### Assignment:
With images removed, transcribe each record exactly as it appears.

### Data section:
*** Block opens ***

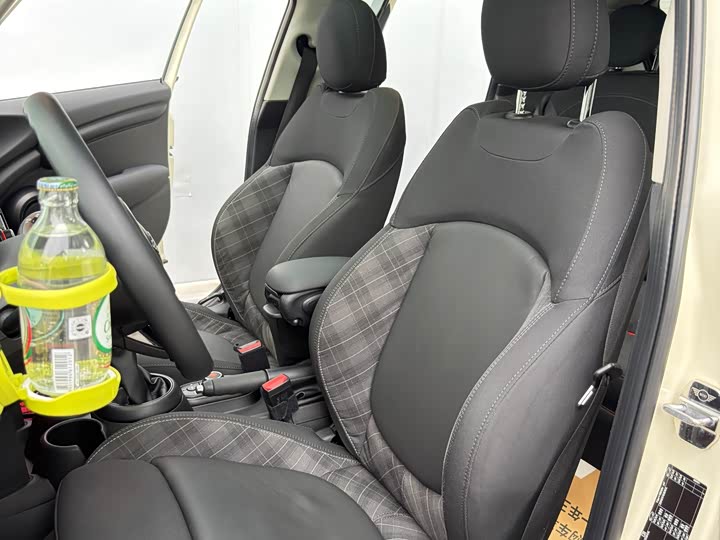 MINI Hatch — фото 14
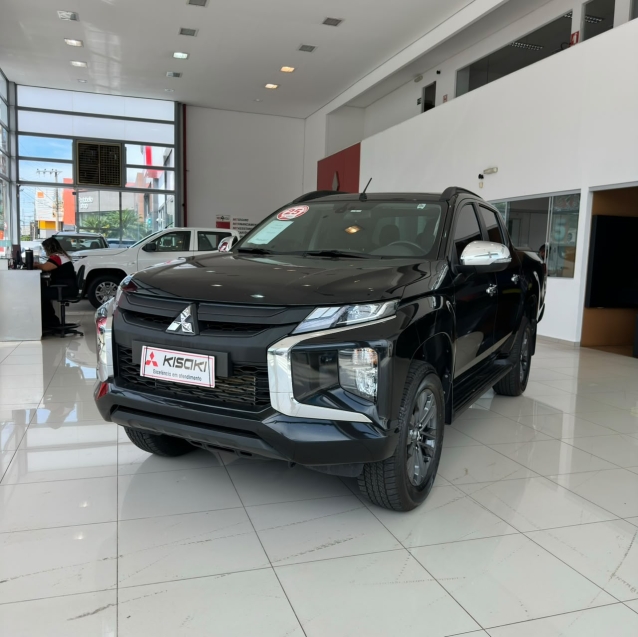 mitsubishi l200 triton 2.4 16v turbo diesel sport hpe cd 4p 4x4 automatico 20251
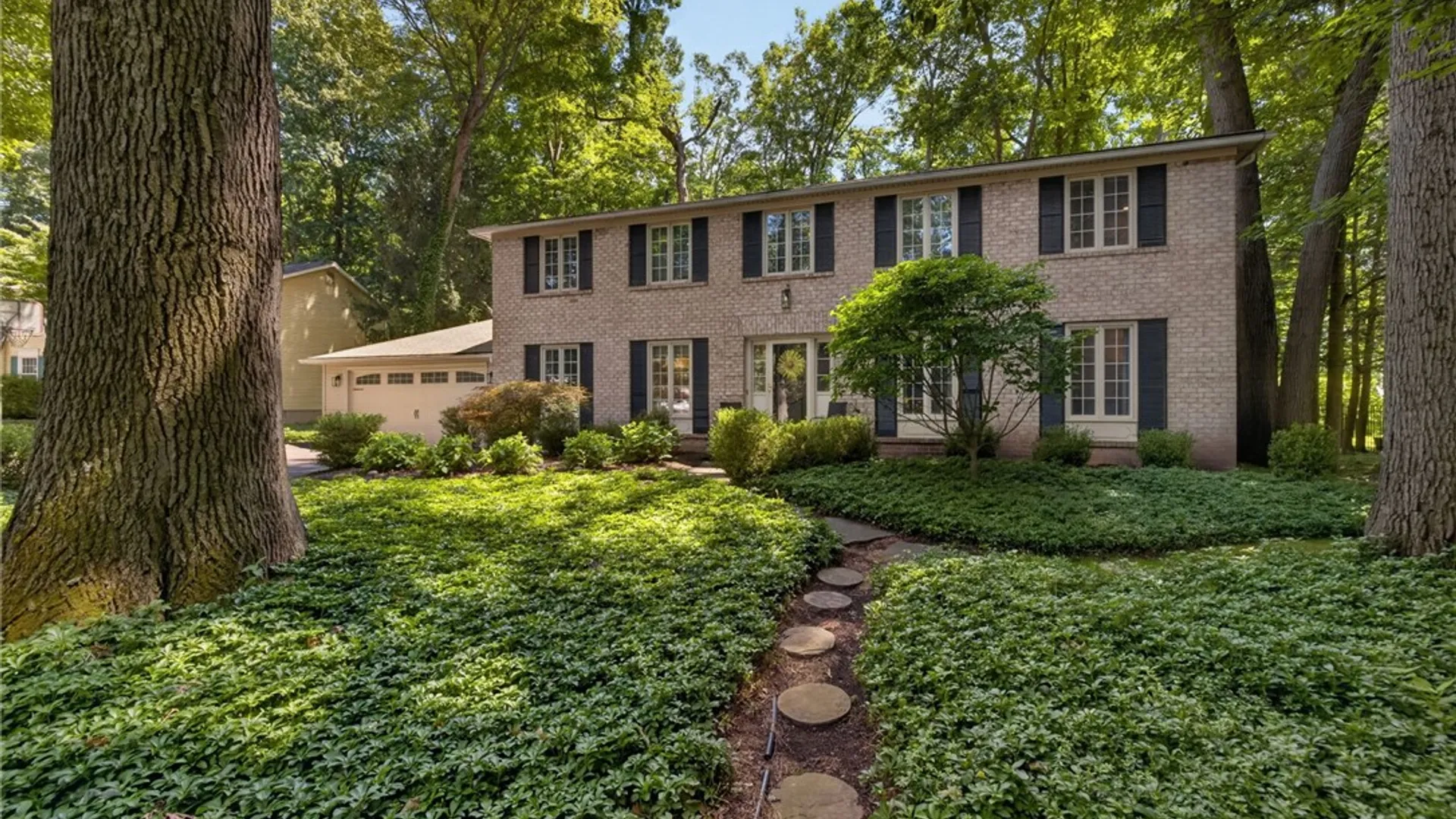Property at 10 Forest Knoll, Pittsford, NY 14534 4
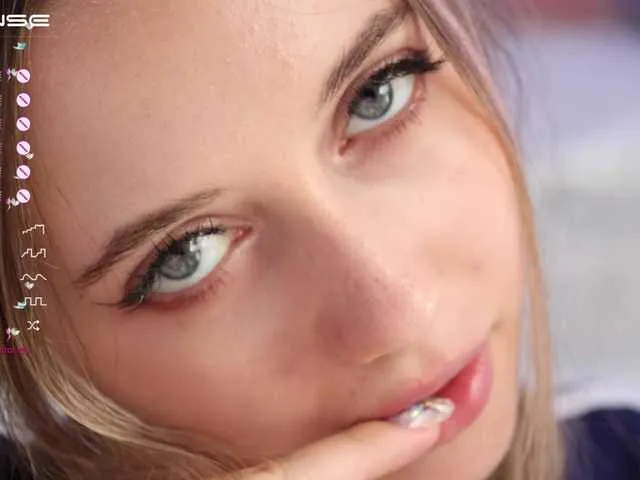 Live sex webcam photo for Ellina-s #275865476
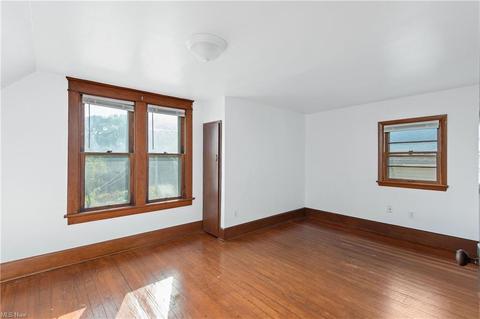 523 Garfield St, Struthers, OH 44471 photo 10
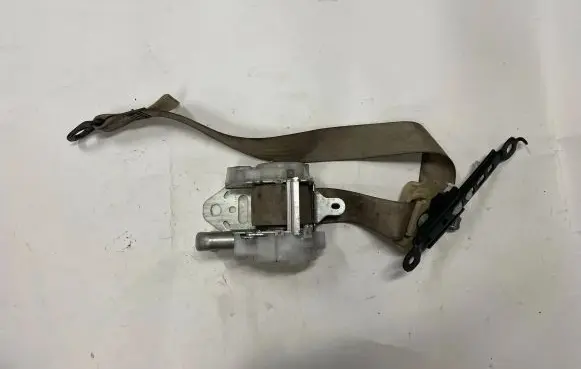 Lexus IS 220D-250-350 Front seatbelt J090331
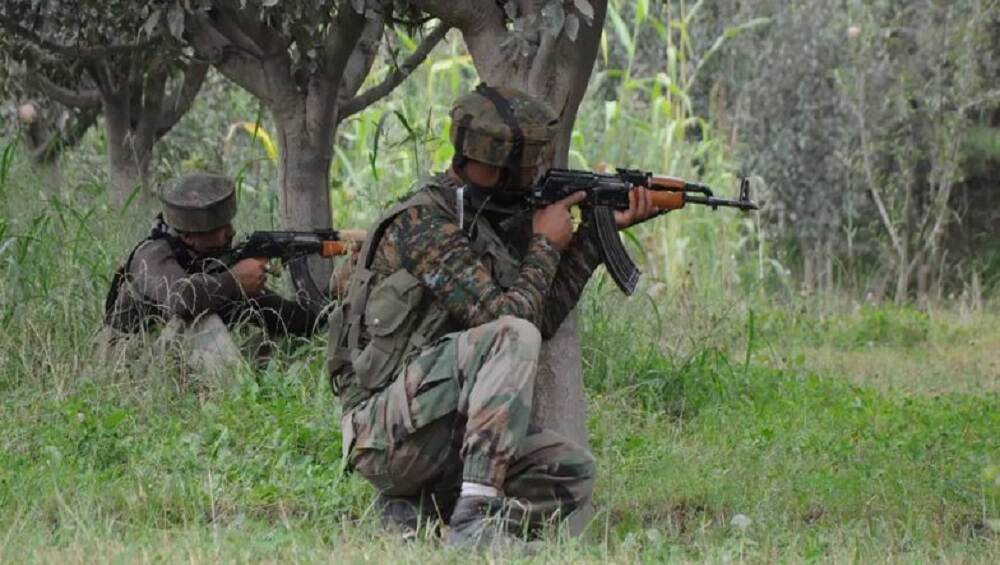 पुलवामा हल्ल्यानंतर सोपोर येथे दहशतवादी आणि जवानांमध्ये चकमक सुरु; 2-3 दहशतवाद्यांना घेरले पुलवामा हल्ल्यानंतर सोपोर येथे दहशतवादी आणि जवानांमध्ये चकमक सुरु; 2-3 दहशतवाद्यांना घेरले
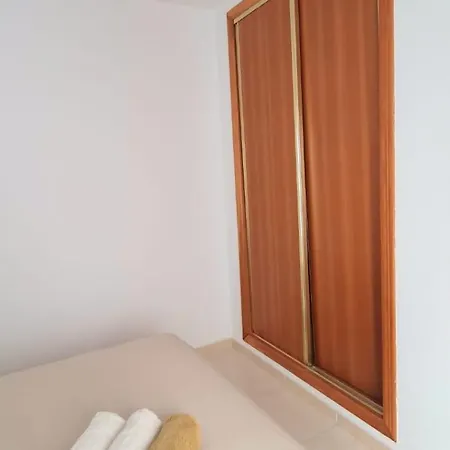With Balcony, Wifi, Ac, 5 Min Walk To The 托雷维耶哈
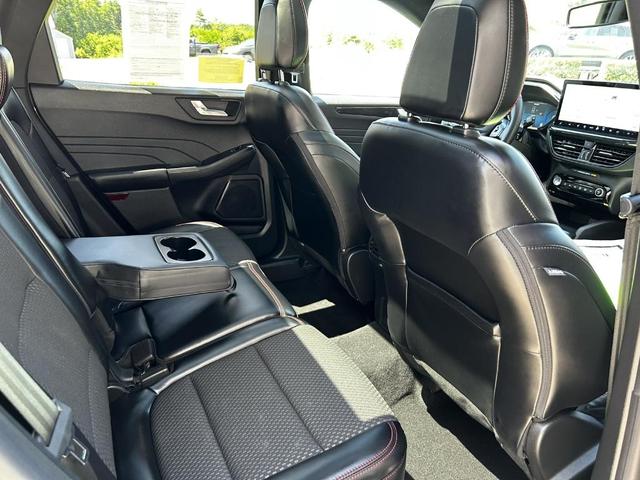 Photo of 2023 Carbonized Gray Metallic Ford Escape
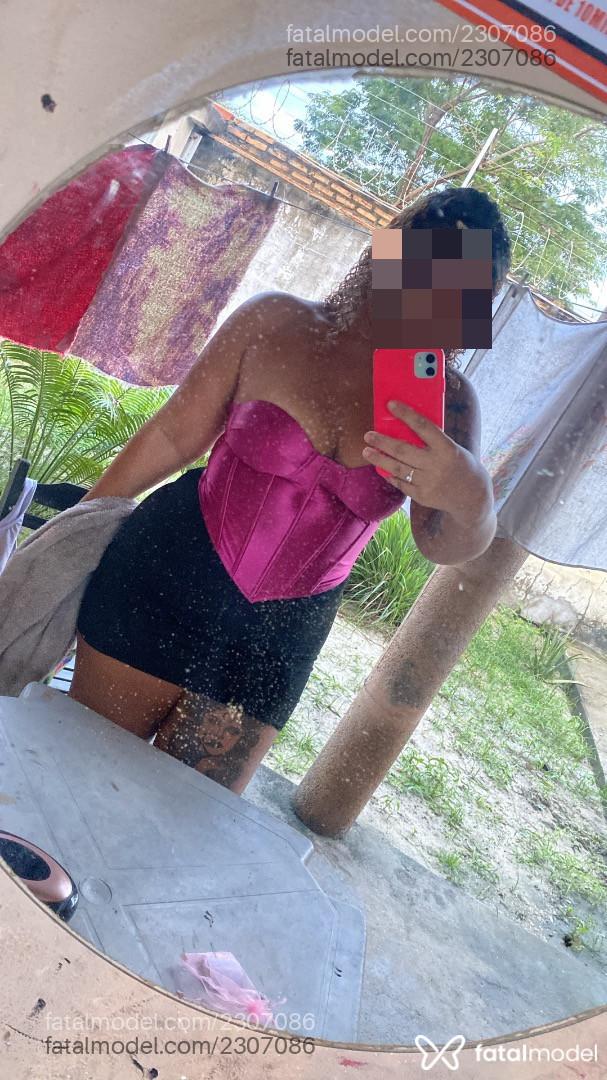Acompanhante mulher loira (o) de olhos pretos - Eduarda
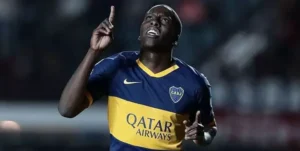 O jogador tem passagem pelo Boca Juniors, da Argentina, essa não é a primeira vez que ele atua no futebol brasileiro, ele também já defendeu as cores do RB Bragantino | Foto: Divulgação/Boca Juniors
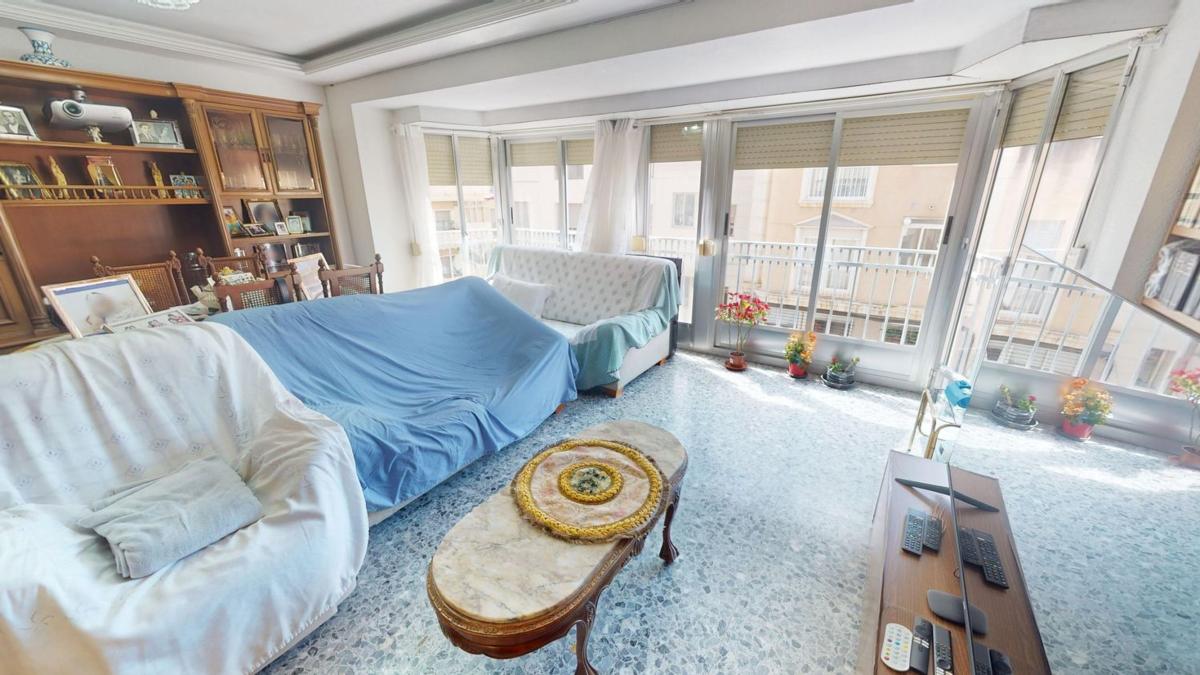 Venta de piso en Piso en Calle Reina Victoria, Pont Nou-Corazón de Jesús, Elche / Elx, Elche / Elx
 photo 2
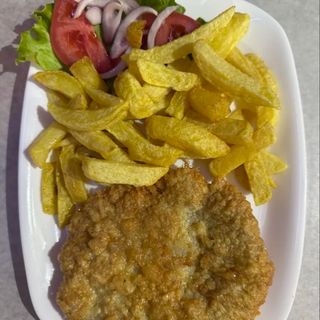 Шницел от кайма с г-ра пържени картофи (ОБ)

*** Block closes ***

### Reply:
 MINI Hatch — фото 14
 mitsubishi l200 triton 2.4 16v turbo diesel sport hpe cd 4p 4x4 automatico 20251
Property at 10 Forest Knoll, Pittsford, NY 14534 4
 Live sex webcam photo for Ellina-s #275865476
 523 Garfield St, Struthers, OH 44471 photo 10
 Lexus IS 220D-250-350 Front seatbelt J090331
 पुलवामा हल्ल्यानंतर सोपोर येथे दहशतवादी आणि जवानांमध्ये चकमक सुरु; 2-3 दहशतवाद्यांना घेरले पुलवामा हल्ल्यानंतर सोपोर येथे दहशतवादी आणि जवानांमध्ये चकमक सुरु; 2-3 दहशतवाद्यांना घेरले
With Balcony, Wifi, Ac, 5 Min Walk To The 托雷维耶哈
 Photo of 2023 Carbonized Gray Metallic Ford Escape
Acompanhante mulher loira (o) de olhos pretos - Eduarda
 O jogador tem passagem pelo Boca Juniors, da Argentina, essa não é a primeira vez que ele atua no futebol brasileiro, ele também já defendeu as cores do RB Bragantino | Foto: Divulgação/Boca Juniors
 Venta de piso en Piso en Calle Reina Victoria, Pont Nou-Corazón de Jesús, Elche / Elx, Elche / Elx
 photo 2
 Шницел от кайма с г-ра пържени картофи (ОБ)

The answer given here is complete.